Advantageously, providing a substrate 216, e.g. a printed circuit board 216 as a subassembly which is mounted on the terminal block 202 means that the assembling process is much easier. This is because the soldering process does not depend on the abilities of the workers on the assembly line. The substrate 216 is compact and this means that very little assembly space is required. The substrate 216 also means that the direction of the wires 212, 214 can be predefined and reduces errors in attaching the wrong wires to the terminal block 202. For example, previously a worker could accidently solder the incorrect wire to a secondary terminal 210 in the terminal block 202.

In some examples, the overmold 220 is more flexible than the substrate 216. This means that that material of the overmold 220 will flex when the wires 212, 214 move. Accordingly, the soldered joints (not shown) at the wire through-holes 700, 702 are less likely to move reducing their wear.
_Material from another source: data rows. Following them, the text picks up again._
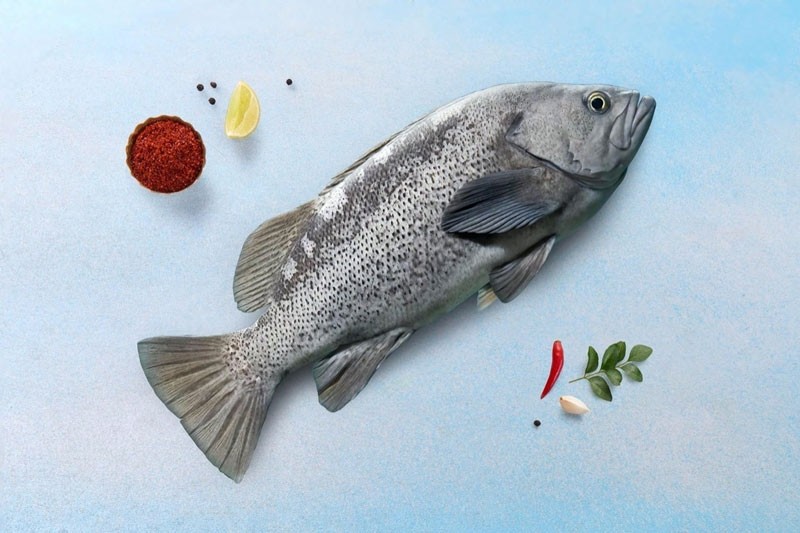 Tasty Rockfish Buy online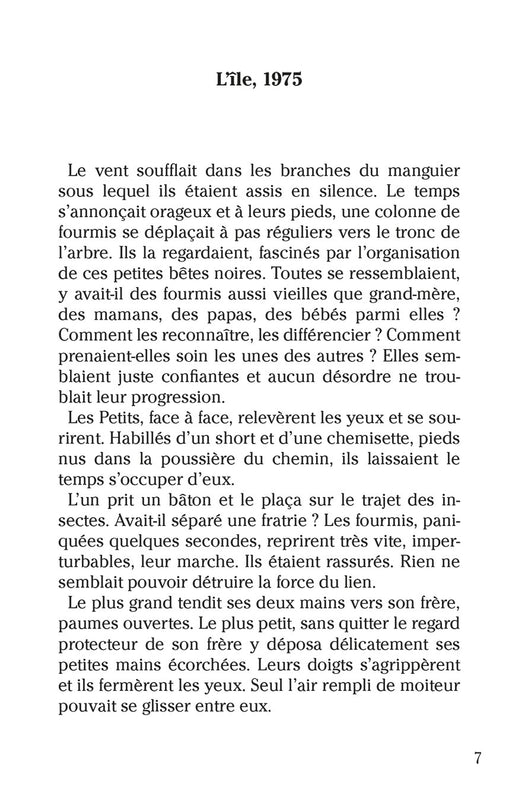 Du vent dans le manguier - Editions Orphie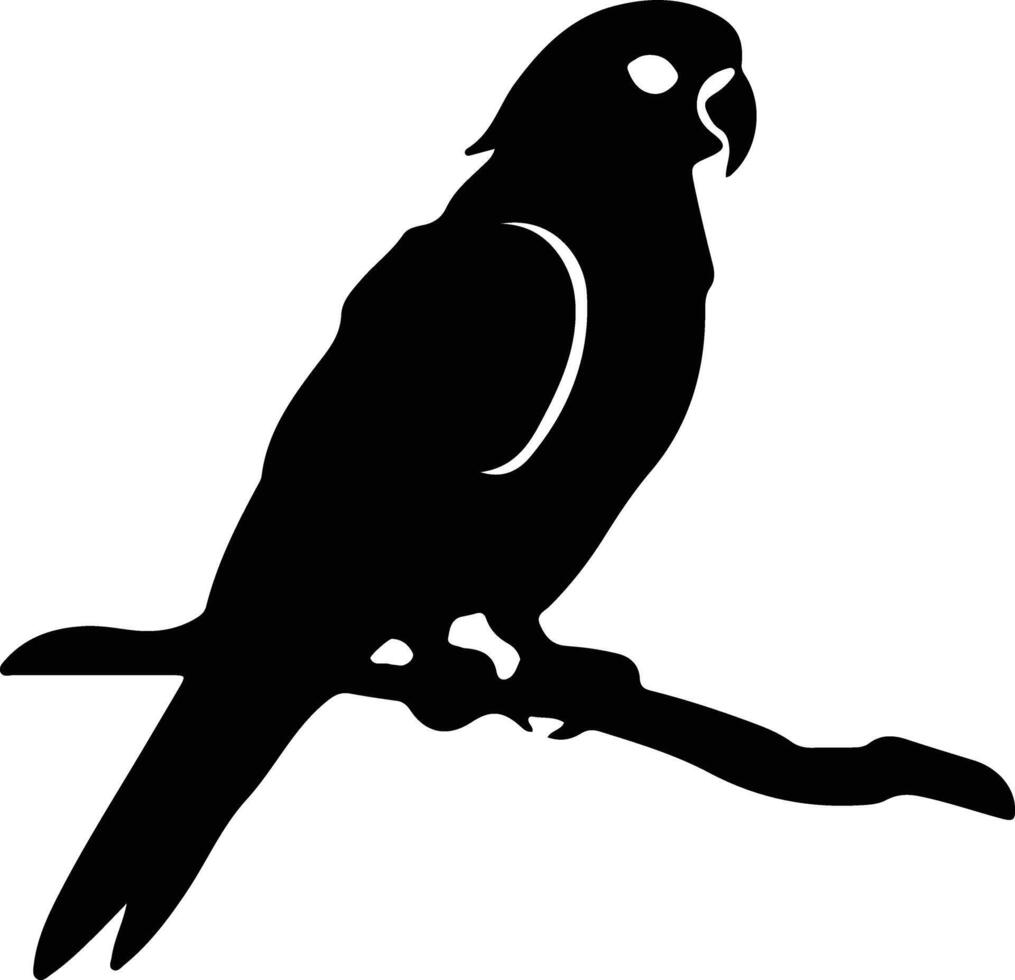 africangrayparrot nero silhouette vettore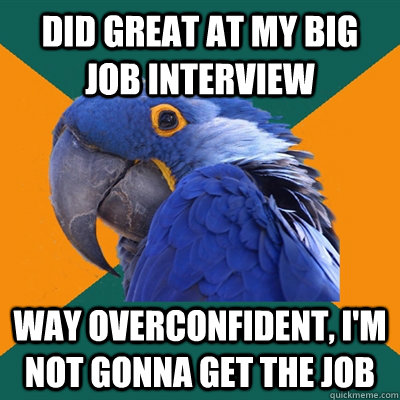 did great at my big job interview way overconfident, I'm not gonna get the job  Paranoid Parrot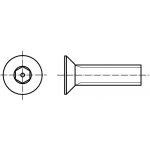 PROFISTYL DIN 7991 INBUS (IMBUS) šroub zapuštěná hlava vnitřní šestihran nerez A2 security Varianta: DIN 7991 inbus šroub zápustná hlava SECURITY nerez A2 M6x16 – Sleviste.cz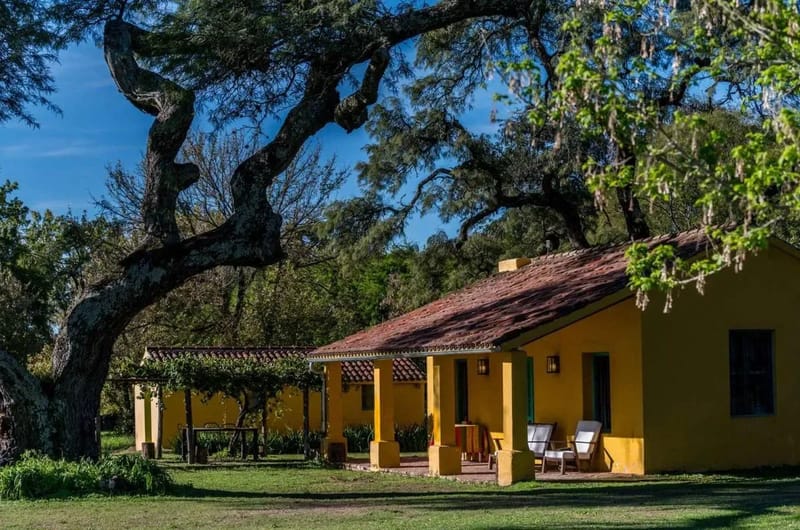 Warm 4BR House w/ Pool & Nature Views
In some examples, the overmold 220 is formed from a rubber material, a thermoplastic elastomer, and / or a plastic material. Turning to Figures 6a, 6b, and 6c, the overmold 220 will be discussed in more detail. Figures 6a, 6b and 6c show cross-sectional views of the substrate 216 mountable on the terminal block 202 according to different examples. Figure 6b is a close up of Figure 6a as represented by the dotted box labelled A.

As shown in Figure 6b, the overmold 220 completely surrounds at least a portion of the substrate 216. In some examples, the overmold 220 can completely cover the entire surface area of the substrate 216. However, this is less preferred because the terminal block assembly 114 must be covered with the overmold 220 after the substrate 216 is mounted on the terminal block 202. In some preferred examples, the overmold 220 covers a middle portion 406 (best seen from Figure 4) of the substrate 216 between the terminal through-holes 400, 402.

Since the overmold 220 completely surrounds the middle portion 406 of the substrate 216, the overmold 220 will not peel off from the substrate 216. The wire 212 comprises a sheath 600 and a portion of the sheath 600 is removed to leave an exposed end 602 to project through the wire through-holes 700 and provide a good electrical connection when soldered.

An alternative example of the overmold 220 is shown in Figure 6c. Instead of completely surrounding the substrate 216, the overmold 220 covers the top and sides of the substrate 216. This may be preferable in order to reduce the profile of the substrate 216 after the overmold 220 has been applied. Additionally less material is required for the overmold 220 when covering only the top and the sides of the substrate 216. Figure 6c shows that the overmold 220 is molded into fastening holes 604, 606 within the substrate 216. The fastening holes 604, 606 comprise a conical or dovetail shape and lock the overmold 220 to the substrate 216 once the overmold 220 has cured.

Whilst Figures 6a, 6b, 6c show the exposed end 602 to projecting through the wire through-holes 700 in other examples, the exposed end 602 does not project through the wire through-holes 700. Instead, the exposed end 602 is positioned on an electrically conductive pad on the substrate 216 and tangentially soldered thereto.

As shown in Figure 4, the overmold 220 comprises a flexible tail portion 408. The flexible tail portion 408 projects out from the substrate 216 and is arranged to flex more than a body portion 414 of overmold 220 directly covering the substrate 216. The flexible tail portion 408 comprises one or more cut-away portions 410 and ribs 412 so that the flexible tail portion 408 can compress when the wires 212, 214 move with respect to the substrate 216.

Another example will now be discussed in reference to Figure 5. Figure 5 shows a perspective view of a substrate 500 mountable on the terminal block 202 according to another example.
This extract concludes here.